The documentary almost plays like a career retrospective, blending her own experiences as an artist covering the American Dream with the price she has paid as a parent. “I am in constant motion and I live with the consequences,” she says, “but it’s also one of the things I love. It gives my life meaning.”

Interspersed with her personal story is a blend of archival material form her earlier films and follow-up interviews with her subjects. We meet the son of a rock star whose outlook on life was shaped by the idea he’d never be as successful as his dad. There’s Florian Homm, a former hedge funder, now on the run from the FBI, who describes his former existence as “a hamster in a diamond studded gold wheel,” while sucking on a fat cigar. Notorious Charlie Sheen playmate and porn star Kacey Jordan is a poignant reminder of the downside of a life spent becoming a human commodity.

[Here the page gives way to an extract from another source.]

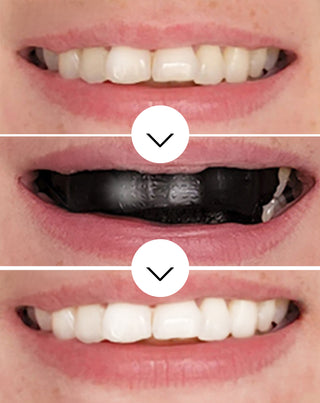 Trake za izbjeljivanje zubi The White(ning) Stripes Smilebite set 28 kom.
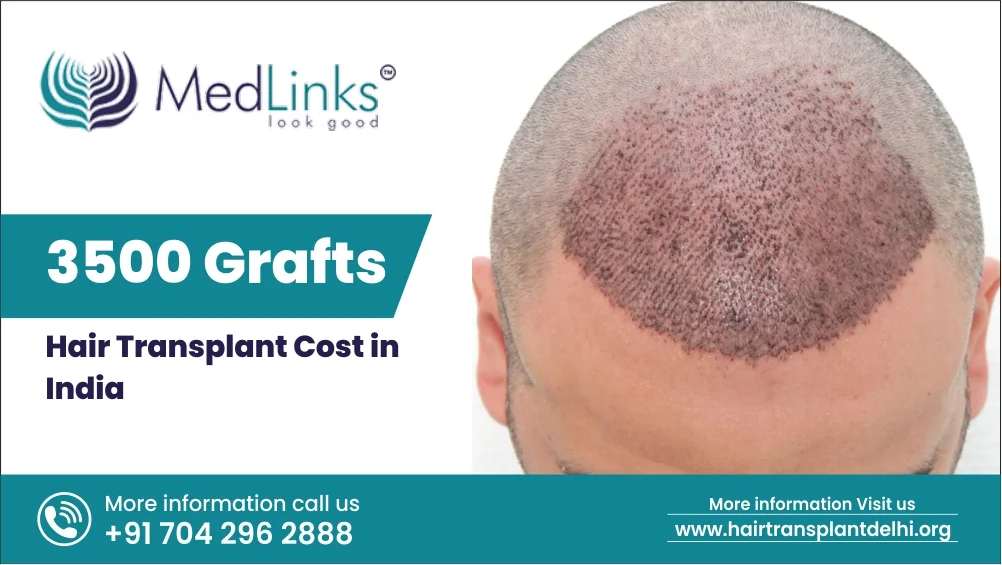 3500 Grafts Hair Transplant Cost in India 2024| Medlinks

Early on interesting points are poised as to how and why we’ve become so greedy. One commenter suggests that mass media and TV are a form of violence. “Twenty four hours a day,” he says, “this fictitious lifestyle, which we’re all told we can have, fuels a sense of inadequacy.” People used to aspire to be like their neighbours and wanted just a bit more than they had. Now they want more than the Kardashians. When they can’t live up to that ideal, he continues, “the only social mobility you have is fictitious. The presentation that you give to the rest of the world denies your own reality.”

Plastic surgery, status and social mobility are essayed in an increasingly scattershot way. It’s a sprawling work, occasionally too sprawling. Greenfield aims to contextualize the effects of unbridled greed in the world but rarely effectively gets deep into the macro.

The movie works best when the stories she tells are smaller, more personal. Jordan’s life, for example, is a cautionary tale that effectively puts a human face on the very points about materialism and hubris that Greenfield wants to shine a spotlight on.

“Generation Wealth” has much to say but, by the time the credits roll, can be summed up with a quote from Homm. “If you think money will buy you anything or everything, you’ve never ever had money. You can’t buy the smile on your child’s face.” Greenfield wants us to know that greed, despite what Gordon Gekko so famously said, is not good.